Venezuelan ownership of the country's most valuable overseas asset may rest on opposition leadership convincing a US court that it restored refiner Citgo's independence and remains a US foreign policy priority.

Attorneys for Venezuela's US-recognized opposition government argued yesterday that National Assembly leader Juan Guaido halted actions under president Nicolas Maduro that the US District of Delaware and appellate courts ruled exposed the 769,000 b/d US refining system to Venezuela's substantial debts. The US and dozens of western governments recognize Guaido as the interim president of the country, and US courts have over the past year accepted his attorneys as representing Venezuela.

The court should recognize that change and not interfere with US executive branch policy protecting Citgo from seizure. It did not matter whether Venezuelan president Nicolas Maduro — who continues to control the country — still exerted inappropriate day-to-day control within Venezuela over the national oil company and Citgo parent, PdV, attorneys argued. The US-recognized government of Venezuela did not, and so Citgo's exposure to Venezuelan debts no longer existed.

"It would make no sense to press ahead with the additional judicial process needed to prepare for execution on PdV's property," attorneys argued, "even though that determination no longer has a valid basis."

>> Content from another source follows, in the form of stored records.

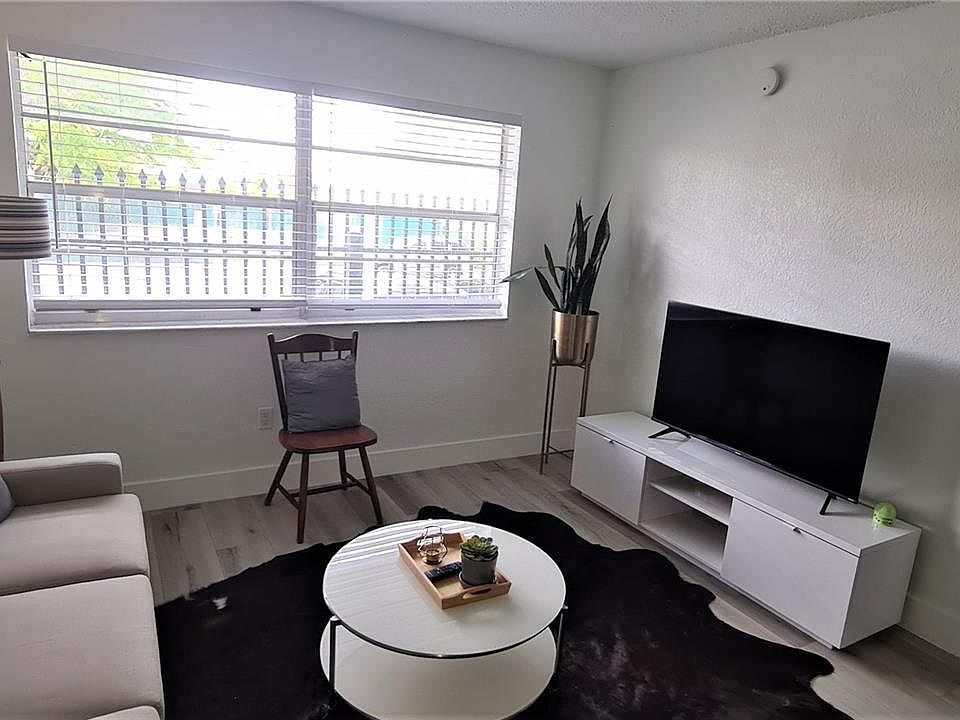 Villa Navarra Condominiums 444 SW 4th St Miami FL Zillow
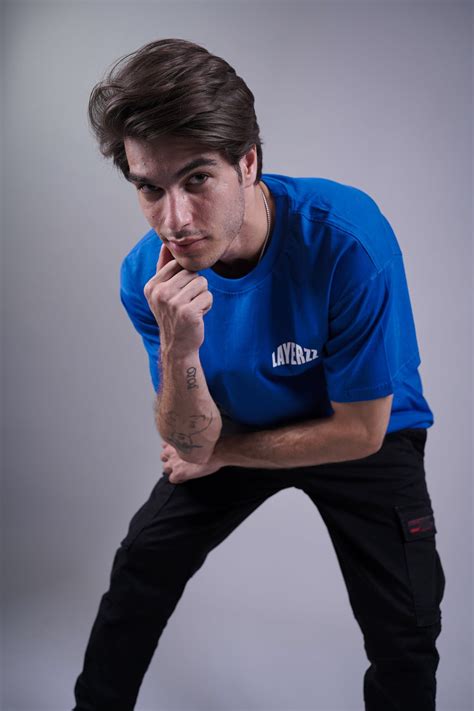 Turn the page | Best Price in 2024 at LAYERZZ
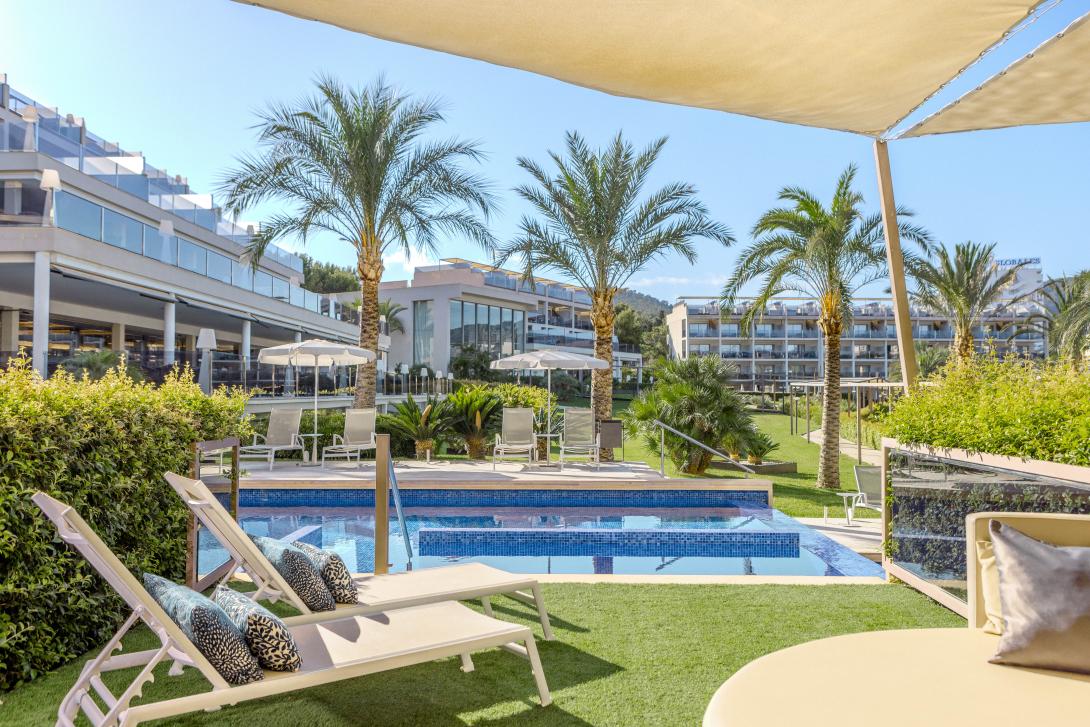 Swim-up suites at Zafiro Palace Palmanova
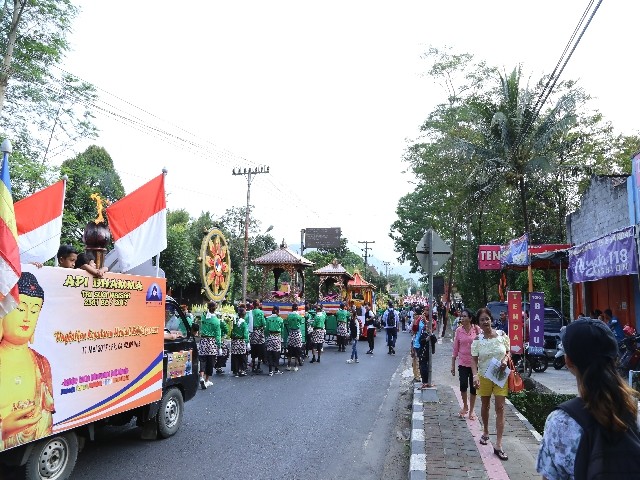 Chùm ảnh: Trang nghiêm rước Phật tại Indonesia ảnh 42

Guaido's attorneys have made similar arguments in multiple cases still churning toward decisions in New York, the District of Columbia and Delaware, all threatening to scatter Citgo's ownership to Venezuela's creditors. The decisions imperil a Venezuelan institution that represents both future sources of revenue and the only demonstration so far of opposition control since Guaido was recognized as interim president in January 2019.

Auction process recommended

Defunct Canadian mining firm Crystallex yesterday recommended an auction offering ownership stakes of Citgo increasing by 5pc until bidders fulfill the company's $1.4bn arbitration judgment. The company, controlled by New York hedge fund Tenor, has sought compensation for mining rights and projects in Venezuela expropriated under former president Hugo Chavez. Approval of the auction process could open a flood of similar sales for any remaining shares to satisfy more than $150bn in outstanding Venezuelan debts.

Crystallex's proposed auction would begin at 10pc of available shares but likely would climb to 100pc ownership "as few potential bidders are likely to be interested in becoming business partners with Venezuela," Crystallex said.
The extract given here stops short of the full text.